» MATERIAL PROVIDED
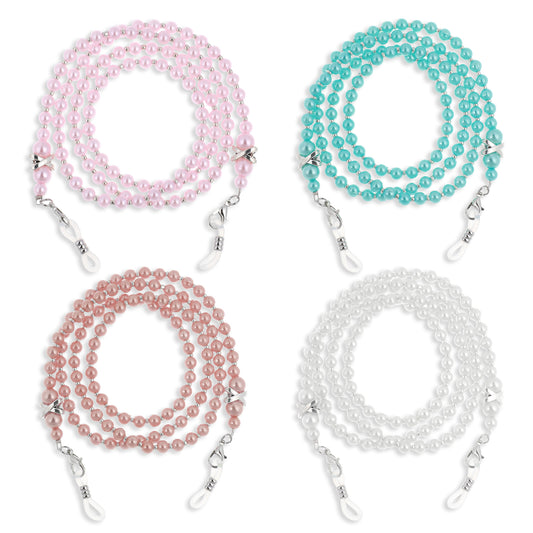 Psyqtsuary 4 Pcs Pearl Beaded Glasses Chain Strap Glasses Chain Eyeglasses Chain Eyeglass Holder Face Masks Lanyard Chain Neck Eyeglass Chain Cord Eyeglass Chains for Women Stylish Sunglasses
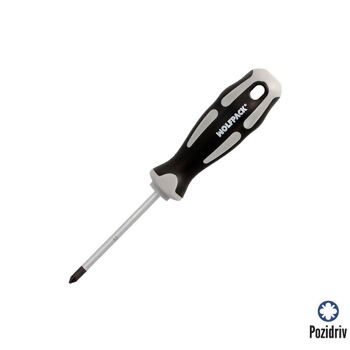 Tournevis Pozidriv S2 en acier, manche TPR bi-matière. Mesure PZ 1 x " 5 x 75 mm.  DIN5262.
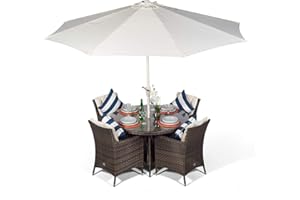 GIARDINO Savannah Rattan Dining Set | Luxury Round 4 Seater Brown Rattan Dining Set | Outdoor Poly Rattan Garden Table & Chairs Set | Patio Conservatory Wicker Garden Dining Furniture with Parasol & Cover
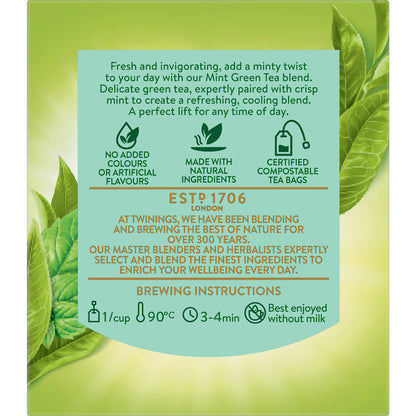Twinings Green Tea & Mint Tea Bags | 10 pack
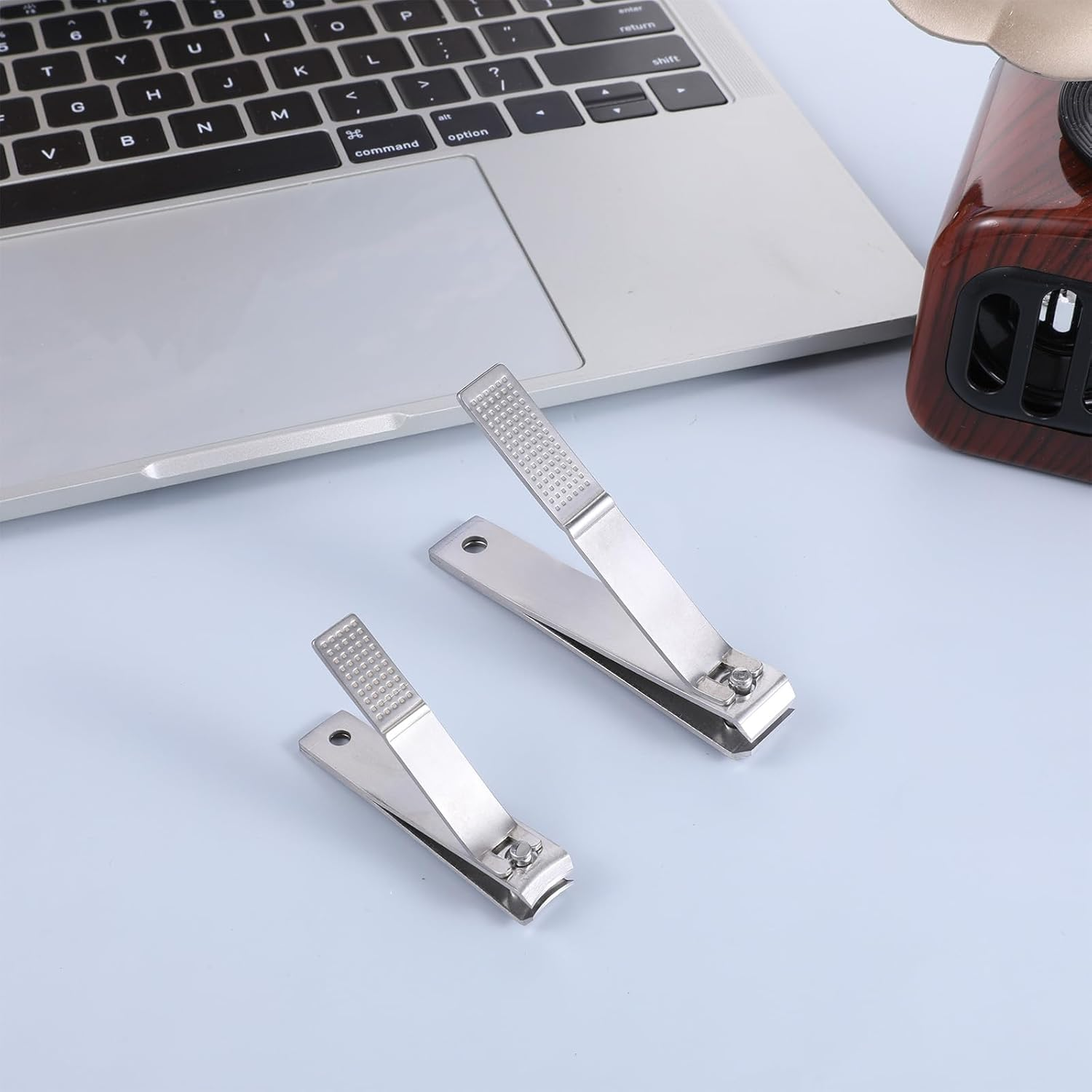 2 Pieces Straight Nail Clippers for Thick Nails Toenails Clippers Sharp Stainless Steel Nails Cutters Professional Nail Trimmer for Men Women image number 6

» WHAT THE EXERCISE ASKS
An exact copy of every record above is required, with all pictures omitted.

» WRITTEN RESPONSE
 Psyqtsuary 4 Pcs Pearl Beaded Glasses Chain Strap Glasses Chain Eyeglasses Chain Eyeglass Holder Face Masks Lanyard Chain Neck Eyeglass Chain Cord Eyeglass Chains for Women Stylish Sunglasses
 Tournevis Pozidriv S2 en acier, manche TPR bi-matière. Mesure PZ 1 x " 5 x 75 mm.  DIN5262.
 GIARDINO Savannah Rattan Dining Set | Luxury Round 4 Seater Brown Rattan Dining Set | Outdoor Poly Rattan Garden Table & Chairs Set | Patio Conservatory Wicker Garden Dining Furniture with Parasol & Cover
Twinings Green Tea & Mint Tea Bags | 10 pack
 2 Pieces Straight Nail Clippers for Thick Nails Toenails Clippers Sharp Stainless Steel Nails Cutters Professional Nail Trimmer for Men Women image number 6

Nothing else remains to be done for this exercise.